In a known printer of this type, a head provided with a vertical column of projecting electrodes is mounted on a closed belt and, on each revolution of the belt, the head passes with a sliding motion over an ink-impregnated fabric ribbon, moving in the direction of the length of the ribbon. The inked ribbon is turned to form a closed loop around two pulleys which cause the ribbon to rotate slowly with respect to the speed of the head. Besides the ribbon, there is provided a sheet of normal paper on which the electrodes print dots by an electrothermal effect when they are energised by suitable voltage pulses.
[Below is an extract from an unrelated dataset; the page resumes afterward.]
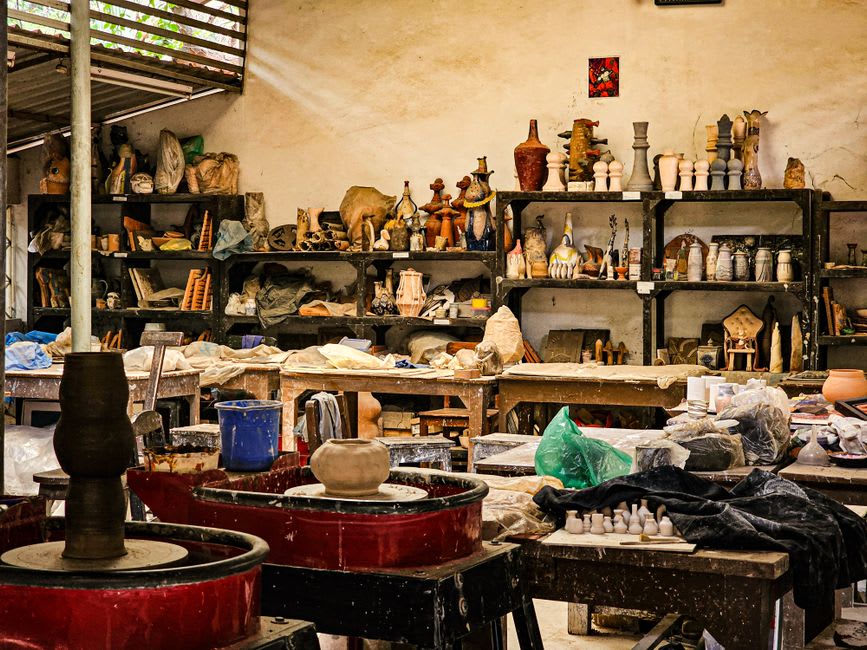 Rows of finished red-clay pottery drying outside a workshop in Avanos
Such a device suffers from the disadvantage that the inked ribbon is subjected to wear because the relative movement of the head with respect to the ribbon causes the electrodes to slide over the ribbon over the entire length of the print line, and always in the same region, whereby the electrodes will wear the ribbon by digging furrows therein which, by cutting the fibres of the fabric, cause the ribbon to break.
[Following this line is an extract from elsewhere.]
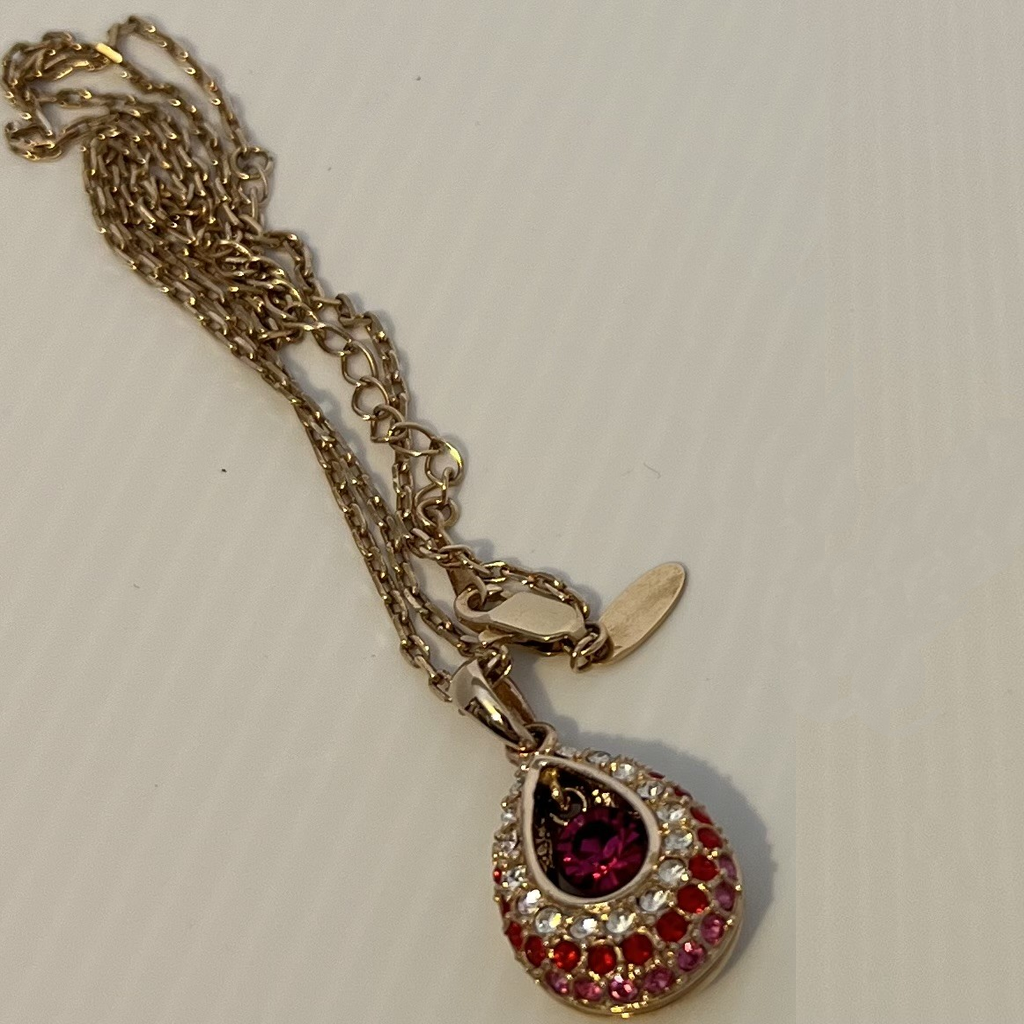Elegant Gold and Reddish-Pink Teardrop Pendant Necklace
The above-described disadvantages are overcome by the printer according to the invention, as set forth in the attached claims.

BRIEF DESCRIPTION OF THE DRAWINGS

FIG. 1 is a diagrammatic perspective front view of a printer embodying the invention,

FIG. 2 is a diagrammatic perspective rear view of the printer of FIG. 1, and

FIG. 3 shows an alternative arrangement of the printer.

DESCRIPTION OF THE PREFERRED EMBODIMENT

Referring to FIG. 1, a cylindrical print head 10 is fixed with respect to a shaft 11 which is rotatable on an arm 12 of a carriage 13 which is movably on guides 14 and 15 fixed to the frame 16 of the printing means. The head 10 is formed by two end cylinders 101 and 102 between which is clamped a pack of circular discs or plates 103 of electrically conducting material.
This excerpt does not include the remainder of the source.